◆ **What to do**:
Would you transcribe each entry that follows word for word, minus the images?

[[ Supplied information, beginning ]]

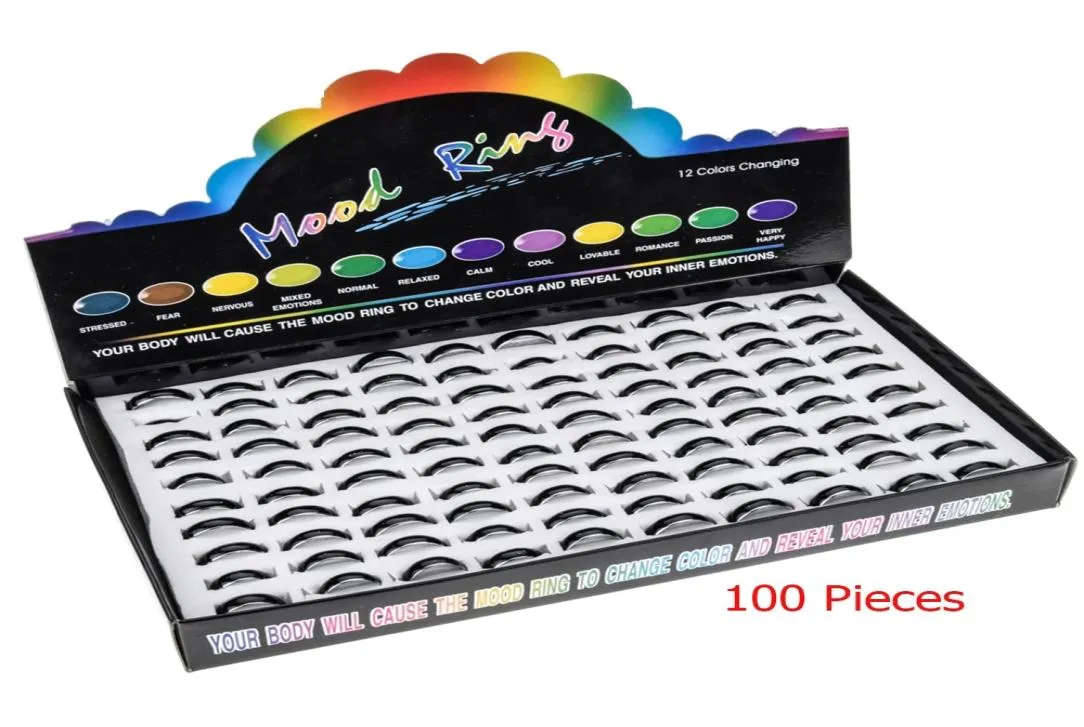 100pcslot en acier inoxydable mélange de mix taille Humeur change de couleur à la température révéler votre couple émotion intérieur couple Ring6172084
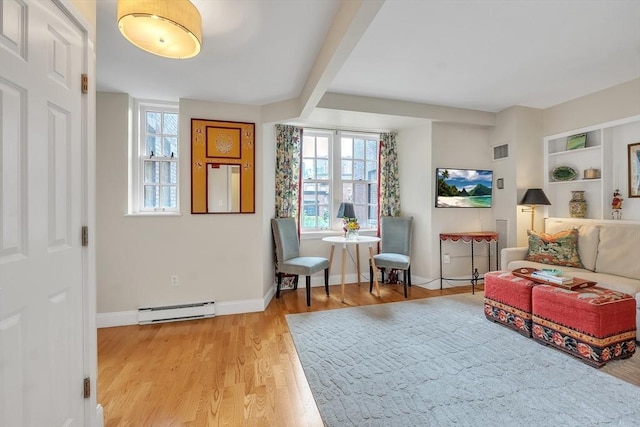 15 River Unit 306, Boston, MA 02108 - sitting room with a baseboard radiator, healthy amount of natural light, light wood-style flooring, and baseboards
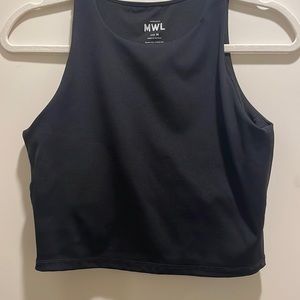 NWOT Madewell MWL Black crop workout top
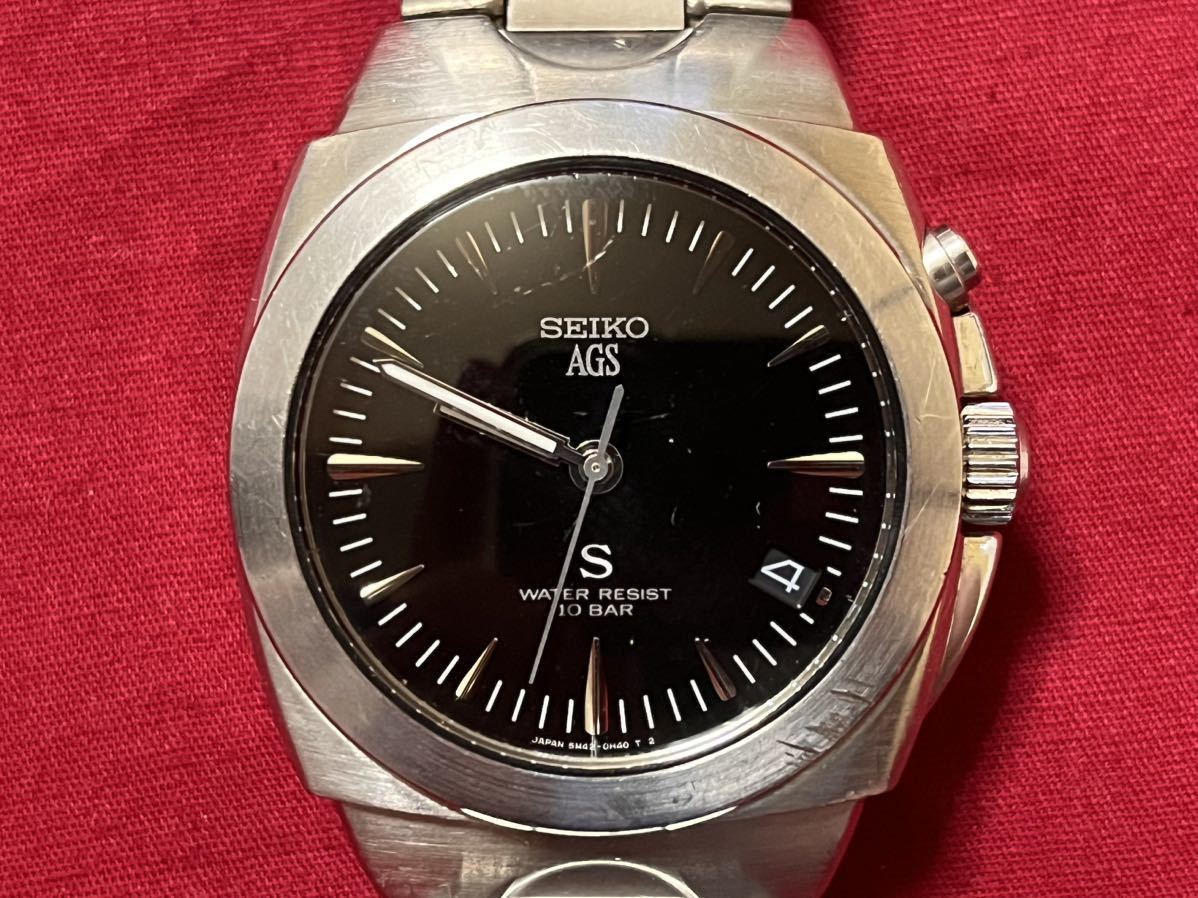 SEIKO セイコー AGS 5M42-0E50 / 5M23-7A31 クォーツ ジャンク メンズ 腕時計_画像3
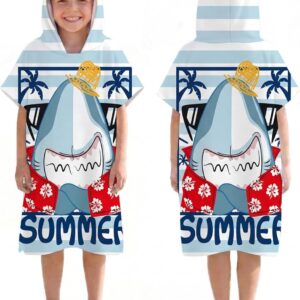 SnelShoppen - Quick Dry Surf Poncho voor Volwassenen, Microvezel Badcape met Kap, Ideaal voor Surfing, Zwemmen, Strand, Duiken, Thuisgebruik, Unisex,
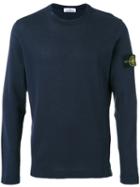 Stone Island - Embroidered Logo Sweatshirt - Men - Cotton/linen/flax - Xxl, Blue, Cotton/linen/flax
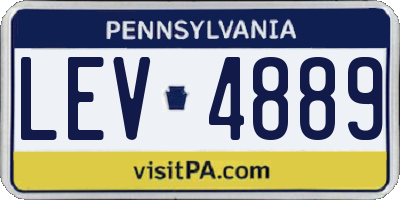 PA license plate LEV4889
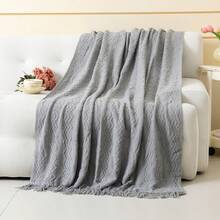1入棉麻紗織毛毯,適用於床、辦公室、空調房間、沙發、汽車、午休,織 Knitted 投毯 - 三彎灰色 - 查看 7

[[ Supplied information, end ]]

◆ **Result for this exercise**:
 100pcslot en acier inoxydable mélange de mix taille Humeur change de couleur à la température révéler votre couple émotion intérieur couple Ring6172084
 15 River Unit 306, Boston, MA 02108 - sitting room with a baseboard radiator, healthy amount of natural light, light wood-style flooring, and baseboards
 NWOT Madewell MWL Black crop workout top
 SEIKO セイコー AGS 5M42-0E50 / 5M23-7A31 クォーツ ジャンク メンズ 腕時計_画像3
 SnelShoppen - Quick Dry Surf Poncho voor Volwassenen, Microvezel Badcape met Kap, Ideaal voor Surfing, Zwemmen, Strand, Duiken, Thuisgebruik, Unisex,
 Stone Island - Embroidered Logo Sweatshirt - Men - Cotton/linen/flax - Xxl, Blue, Cotton/linen/flax
 PA license plate LEV4889
1入棉麻紗織毛毯,適用於床、辦公室、空調房間、沙發、汽車、午休,織 Knitted 投毯 - 三彎灰色 - 查看 7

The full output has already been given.